>>>>>
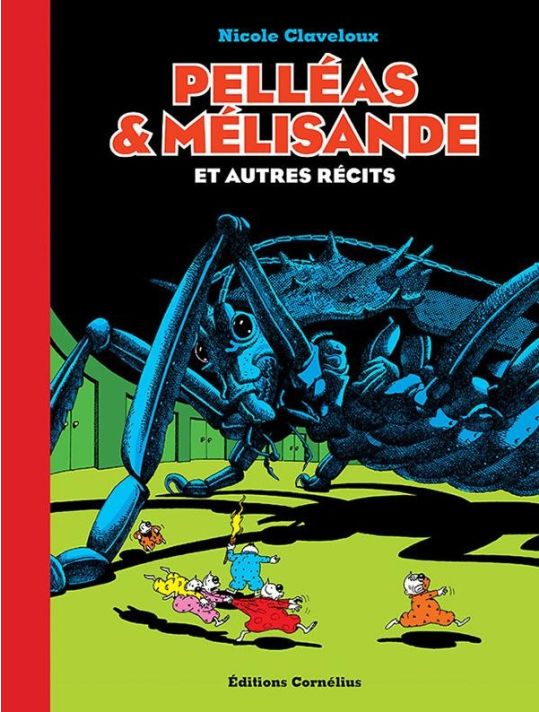Pelléas et Mélisande et autres récits main product photo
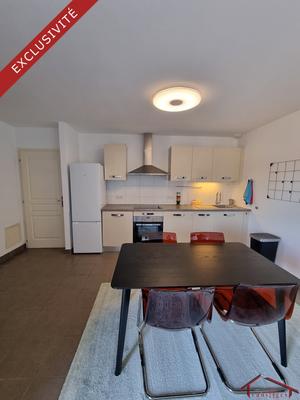 Appartement - 67 m² - 3 pièces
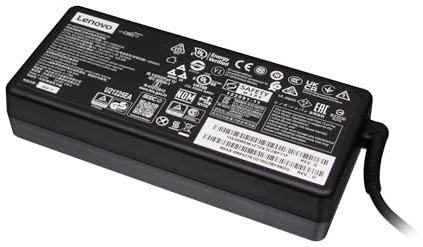 Lenovo ThinkPad X1 Extreme (20MG/20MF) Bloc d'alimentation d'origine 135 W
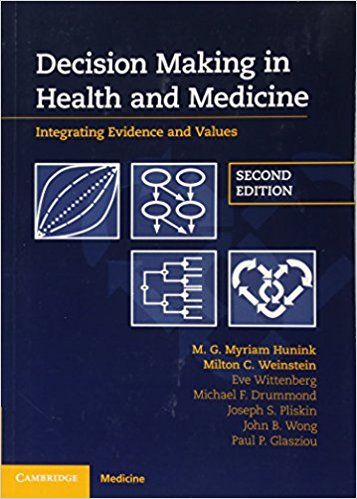 Book Review: Decision Making in Health and Medicine, 2nd edition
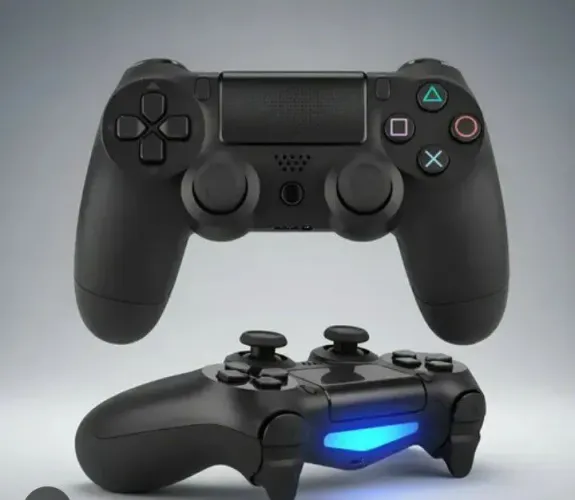 Controle PS4 excelente estado seminovo com o DOCK de carregamento e o cabo de carregar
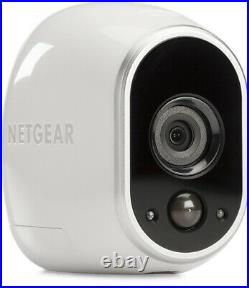 Arlo VMS3430, Security Camera, Indoor & Outdoor, 4x Cameras Set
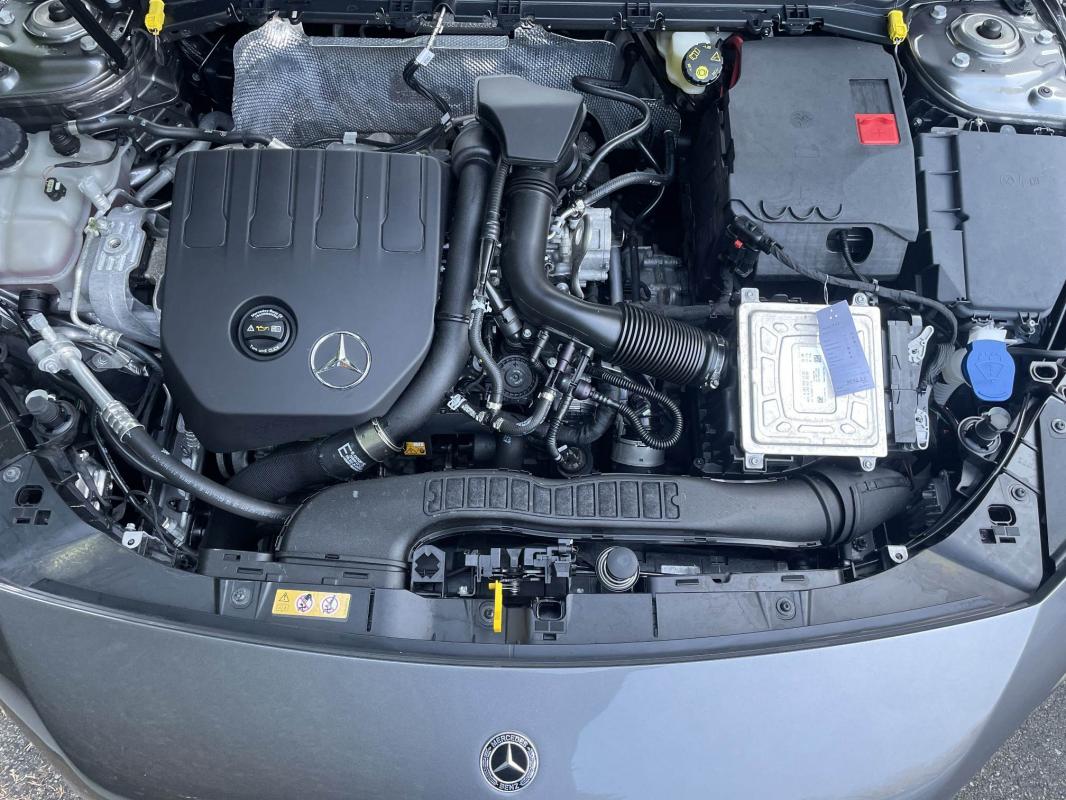 Garage CRO - MERCEDES - Mercedes Classe A 200 Progressive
<<<<<
Pick up at the line that holds "Book Review: Decision" and restate each line, word for word, through the last line of the entries. Include both end lines but none of the pictures.

 Book Review: Decision Making in Health and Medicine, 2nd edition
 Controle PS4 excelente estado seminovo com o DOCK de carregamento e o cabo de carregar
 Arlo VMS3430, Security Camera, Indoor & Outdoor, 4x Cameras Set
 Garage CRO - MERCEDES - Mercedes Classe A 200 Progressive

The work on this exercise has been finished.